It is the same as any other course I have taught. The instructor has to break the material into chunks and provide an opportunity to get feedback from the participants. This feedback lets the instructor know that the information is being received and understood.
When you are able to see the class, and the class size is small, it is possible to get some feedback via visual cues. When you can't easily watch the eyes and body language of the students you have to allow the students to provide that feedback by other means: asking questions, completing exercises, answering questions.
A training class, like any other meeting must have goals. When the class is completed what are the goals of the class designer, the instructor, the students; and how can the those goals be measured?
If the instructor drones on for 20-30 minutes with zero feedback it is clear that the instructors goal was to plow though the material with no regard for making sure the student understood the material. It is unclear if that matched the goal of the course designer. And in the case of the students it may or may not have met their goals.

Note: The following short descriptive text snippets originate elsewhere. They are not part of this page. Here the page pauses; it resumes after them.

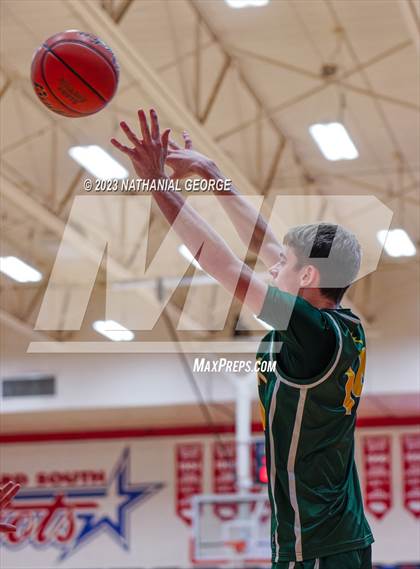 Thumbnail 2 in Pius X @ Millard South photogallery.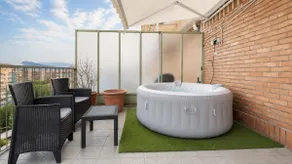 Relaxation oasis | Jacuzzi | Top floor - Image 2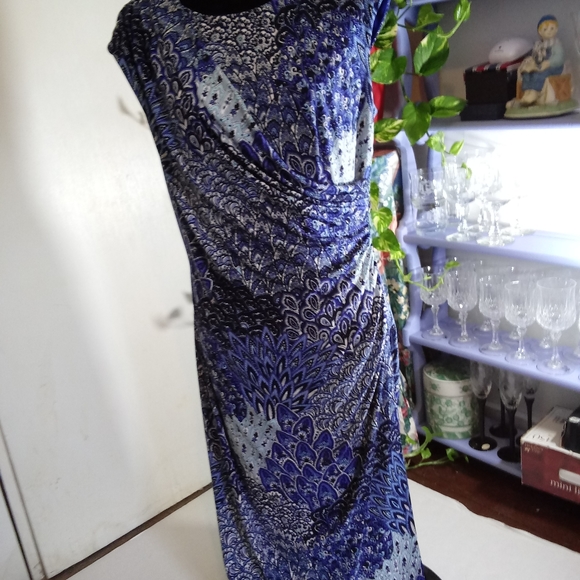 Connected Apparel Dress - Picture 2 of 10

A few months ago I was a participant in a series of training classes via a web connection. The instructor talked in one continuous sentence for the entire 30 minutes. They immediately ended the class with the phrase see everybody next week. They ignored all the questions that students had written via the interface. The slides weren't provided until several day later, and it was easy to see that they had just read the words on the slides. The next week it was clear that that was how the class was going to be run. The students got credit for being logged in during the class, and the instructor didn't even have to have any domain knowledge. Easiest class ever, but zero information retained.